Run contacts analysis with binding preference enabled first:

polyzymd compare contacts -f comparison.yaml

Ensure compute_binding_preference: true is set in your contacts analysis settings.

Very large scores (|S| > 50 kT)

Large scores usually indicate many contacts with strong enrichment/depletion. Check whether your polymer selection is too broad (including solvent) or your contact cutoff is too large. Also verify that n_exposed_in_group values are reasonable — very large groups amplify the score.

Score of exactly 0.0

This occurs when either mean_contact_fraction = 0 (no contacts) or enrichment = 0 (contacts exactly match random expectation). Check the binding preference data for the affected condition.
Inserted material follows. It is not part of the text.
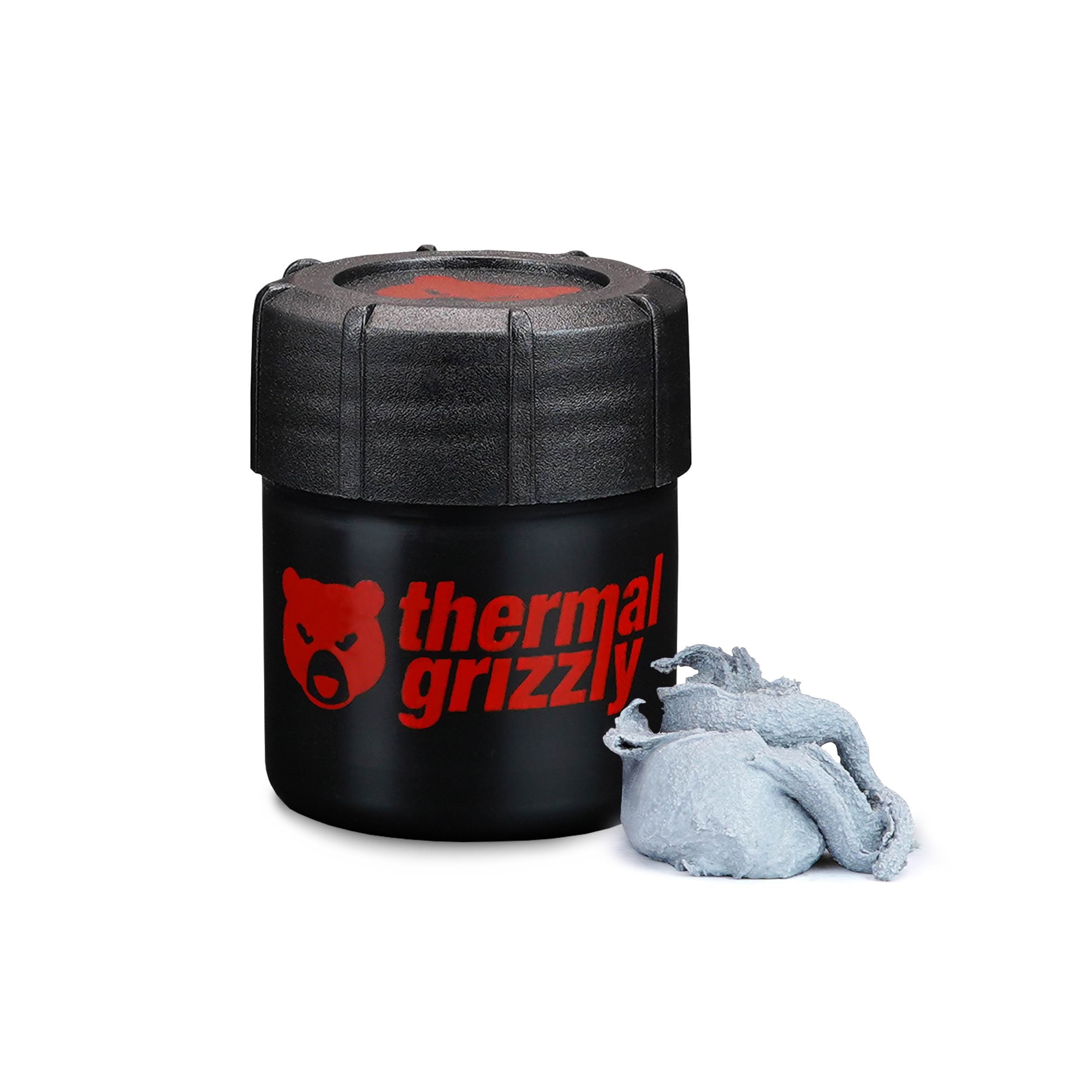 Thermal Grizzly Putty Pro 30g - Kühlpaste - Cpu Kuehler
Different scores from BFE analysis

The affinity score and BFE analysis use the same ΔG\(_{\mathrm{sel}}\) formula but different aggregation: BFE reports per-contact ΔG\(_{\mathrm{sel}}\), while the affinity score multiplies by N_contacts. The per-contact ΔG\(_{\mathrm{sel}}\) values should match exactly; differences indicate a cache or configuration mismatch.